13/05/2010 - 00:00

Opportunistic grab at a finite resource

13/05/2010 - 00:00


Upgrade your subscription to use this feature.

It seems some profits are more ‘super’ than others.

I’VE always been an advocate of tax.

Unlike many Australians, who think tax dodging is a sport, I think tax is more than a reasonable concession for being part of a civil society. I think tax is the public rent for allowing individuals and companies to go about their business.

Few of us could earn a decent living without the laws that govern society, the roads our goods are transported on and the health and education systems that keep us, our employees and customers better able to contribute to furthering our own ends.

But that tax has to be fair (and, of course, spent wisely) and should be low enough to encourage all but the most outlying elements of society to choose their path equally. Apart from sin taxes on vices that are shown to have a negative impact on society, we should all be allowed to choose equally our livelihoods, business strategies and investments without having to consider the tax implications of that choice.

Of course things are not perfect in that regard, but in my view the federal government’s new tax on miners is an unnecessary distortion, which either fails to grasp this basic idea of equity or, more disturbingly, is simply the start of a range of new taxes to cream off the ‘super’ profits in a range of industries.

Banks, always unpopular, have already been mentioned as next cab off the rank. What about property developers? Or medical professionals? Transport companies? Telcos? Farmers? Winemakers? I could make a resources rent tax argument for any one of these.

Why is digging up rocks any different from selling a property development?

Some argue that mining is the exploitation of a non-renewable resource owned by the Australian people, which somehow makes it special. I don’t understand that argument. A piece of iron ore in the ground is just as under-performing to the state as an empty block of crown land. Whether the government earns a royalty in sales (which is surely just bringing forward future revenue it would have hoped to have earned from that rock) or takes stamp duty for selling the land and then taxes its use annually, the asset has no value to the state until it is developed.

But just as miners make a ‘super’ profit when commodity prices rise, surely so do property developers. When someone takes an old house, builds an apartment block and flogs it in the middle of a property bubble, why is that any better than the mining company making a poultice because the Chinese have suddenly discovered the joys of refrigeration?

And what about medical professionals? We, the people of Australia, pay for their education. In return we get charged unbelievably high fees to use their services. Worse, they take almost no risk. They may bring brains and passion to their career, but the government and their peers conspire to ensure that competition is held artificially low. The result really is a super profit. This is weird because the two biggest issues in the politically volatile world of healthcare are the cost and shortage of doctors.

What about transport companies or any form of business that uses roads to ferry its goods to consumers? Those roads are paid for from taxes. Sure, trucks pay licensing fees, but are they commensurate with the damage they do? Why does a transport company pay 30 cents in the dollar tax on its profits while I, who use the road far less frequently, pay a much higher rate of tax? Could there be a super profit in there?
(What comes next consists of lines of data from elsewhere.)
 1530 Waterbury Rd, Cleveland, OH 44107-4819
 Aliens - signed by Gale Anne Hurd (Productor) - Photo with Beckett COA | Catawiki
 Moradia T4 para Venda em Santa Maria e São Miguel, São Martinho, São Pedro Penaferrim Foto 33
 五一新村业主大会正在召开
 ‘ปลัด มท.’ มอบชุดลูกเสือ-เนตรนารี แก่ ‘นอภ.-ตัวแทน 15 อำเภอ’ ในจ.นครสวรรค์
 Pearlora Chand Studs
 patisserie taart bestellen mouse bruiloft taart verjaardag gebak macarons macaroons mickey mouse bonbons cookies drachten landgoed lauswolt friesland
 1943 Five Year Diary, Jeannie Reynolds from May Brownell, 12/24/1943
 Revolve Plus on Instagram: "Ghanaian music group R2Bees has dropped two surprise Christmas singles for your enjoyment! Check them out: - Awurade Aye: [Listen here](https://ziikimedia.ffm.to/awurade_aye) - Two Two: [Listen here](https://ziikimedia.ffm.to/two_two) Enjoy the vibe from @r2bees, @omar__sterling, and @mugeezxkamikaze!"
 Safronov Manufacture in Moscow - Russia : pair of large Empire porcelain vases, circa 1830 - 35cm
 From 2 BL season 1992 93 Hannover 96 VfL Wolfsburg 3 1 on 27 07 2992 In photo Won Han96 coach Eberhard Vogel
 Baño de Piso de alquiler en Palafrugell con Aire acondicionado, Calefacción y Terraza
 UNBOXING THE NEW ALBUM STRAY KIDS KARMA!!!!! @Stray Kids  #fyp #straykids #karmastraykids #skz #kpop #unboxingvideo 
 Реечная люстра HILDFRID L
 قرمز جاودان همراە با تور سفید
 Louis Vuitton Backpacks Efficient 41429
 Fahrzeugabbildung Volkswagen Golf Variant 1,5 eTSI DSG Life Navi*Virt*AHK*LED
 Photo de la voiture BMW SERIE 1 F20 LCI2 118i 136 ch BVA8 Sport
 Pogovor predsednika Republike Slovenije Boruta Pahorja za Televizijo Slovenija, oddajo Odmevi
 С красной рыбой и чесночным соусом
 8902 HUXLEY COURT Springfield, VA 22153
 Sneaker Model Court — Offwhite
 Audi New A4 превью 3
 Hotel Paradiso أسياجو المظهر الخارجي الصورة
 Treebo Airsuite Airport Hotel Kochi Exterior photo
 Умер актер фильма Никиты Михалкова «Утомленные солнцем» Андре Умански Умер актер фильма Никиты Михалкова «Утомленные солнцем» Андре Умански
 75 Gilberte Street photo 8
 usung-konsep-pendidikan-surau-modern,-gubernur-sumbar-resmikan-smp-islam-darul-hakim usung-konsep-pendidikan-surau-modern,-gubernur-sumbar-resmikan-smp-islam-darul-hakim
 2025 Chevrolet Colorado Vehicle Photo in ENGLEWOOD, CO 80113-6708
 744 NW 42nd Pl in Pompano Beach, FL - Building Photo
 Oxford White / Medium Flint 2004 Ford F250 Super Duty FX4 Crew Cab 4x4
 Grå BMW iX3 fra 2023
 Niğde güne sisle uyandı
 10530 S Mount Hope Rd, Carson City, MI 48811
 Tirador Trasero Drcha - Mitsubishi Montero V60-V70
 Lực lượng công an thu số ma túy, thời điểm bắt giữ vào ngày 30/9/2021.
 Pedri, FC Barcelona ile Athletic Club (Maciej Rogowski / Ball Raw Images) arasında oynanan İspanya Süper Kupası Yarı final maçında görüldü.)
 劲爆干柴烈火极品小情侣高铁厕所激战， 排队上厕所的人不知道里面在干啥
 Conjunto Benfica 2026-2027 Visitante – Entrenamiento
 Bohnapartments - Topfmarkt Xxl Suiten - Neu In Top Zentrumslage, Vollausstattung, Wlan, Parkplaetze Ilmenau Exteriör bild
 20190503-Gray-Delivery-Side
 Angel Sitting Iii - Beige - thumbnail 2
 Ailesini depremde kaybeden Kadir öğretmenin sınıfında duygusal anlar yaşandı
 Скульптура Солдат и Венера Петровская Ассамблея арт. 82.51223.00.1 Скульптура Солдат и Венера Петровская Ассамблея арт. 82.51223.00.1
At least the mining companies build their own roads, rail networks and harbours.

While mining companies held up our economy during the GFC, banks were propped up by the government. Despite that largesse, they have been very tight-fisted when it comes to lending to get the economy going again – suggesting they have leveraged Australia’s sovereign assets to contain their costs and lower their risks. Is there a super profit there?

Farmers and viticulturists use the soil, taking minerals from it, to grow their crops. In some years many producers do very well, often due to world commodity prices over which they have no control. Is that a super profit?

Plenty of people make so-called super profits (just ask the IT companies around the year 2000).

Some of them earn them because they are smart, some because they work hard and some, dare I say it, just got lucky.

The truth is, very few so-called super profits last long, because when people earn a lot of money everyone wants a slice of the action and competition usually takes effect over time.

That is no different in the resources industry. Here we have a group of people willing to take massive risks in unpleasant parts of the world. Why? Because there may be a big reward in it.

If we unfairly tax the rewards for effort we discourage people from taking risks and doing the hard work. That is no good for the future of this nation.


DOES the federal government’s resources rent tax offer Premier Colin Barnett a unique opportunity?

BHP Billiton is one of the most vocal critics of this tax, which is clearly designed to put the mining states, especially Western Australia, back in their boxes and show where the power lies – in the Sydney, Melbourne, Canberra triangle.

I’ve long felt that BHP ought to be based in Perth, a true resources capital, not Melbourne, where mining is something that city lost touch with decades ago as its state-protected manufacturing industries took precedence.

Perhaps Mr Barnett could take advantage of BHP’s plight and offer a carrot to lure the Big Australian here. What would it take? Given tax is the issue, maybe WA could offer BHP a payroll tax break for moving HQ to Perth.

Maybe all mining companies ought to be made the same offer.

As a message of goodwill it would also help soothe the impact of the federal government’s new tax – and make a statement that WA wants mining companies to prosper, develop and, importantly, profit.